Exercise instructions: Write out nothing but the lines from the one containing "1290 Schutt Road" through the last line below, both included, and without the pictures.

Raw data:
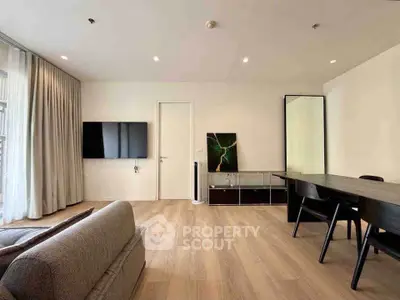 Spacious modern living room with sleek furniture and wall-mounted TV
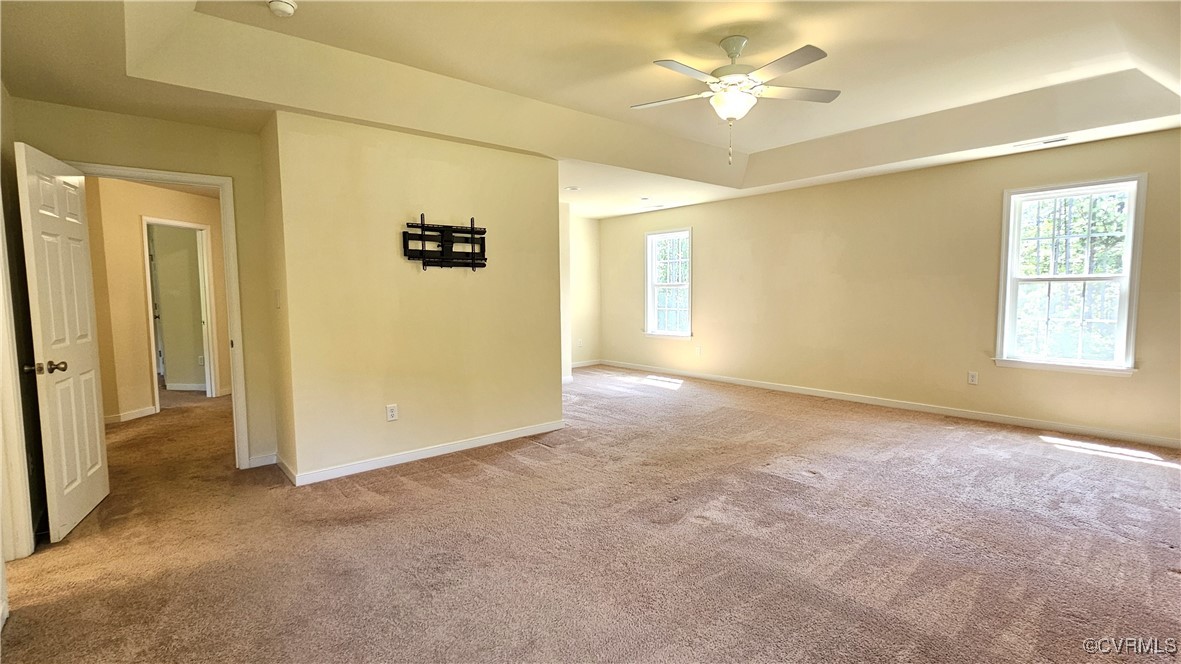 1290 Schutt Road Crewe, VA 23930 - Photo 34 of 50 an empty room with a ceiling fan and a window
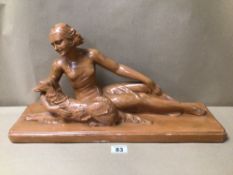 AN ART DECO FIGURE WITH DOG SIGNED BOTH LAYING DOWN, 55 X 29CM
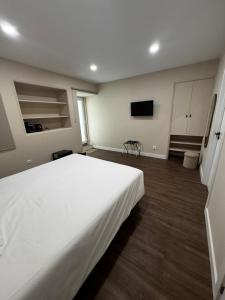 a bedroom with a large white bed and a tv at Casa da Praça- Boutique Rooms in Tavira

Answer to the problem:
 1290 Schutt Road Crewe, VA 23930 - Photo 34 of 50 an empty room with a ceiling fan and a window
 AN ART DECO FIGURE WITH DOG SIGNED BOTH LAYING DOWN, 55 X 29CM
 a bedroom with a large white bed and a tv at Casa da Praça- Boutique Rooms in Tavira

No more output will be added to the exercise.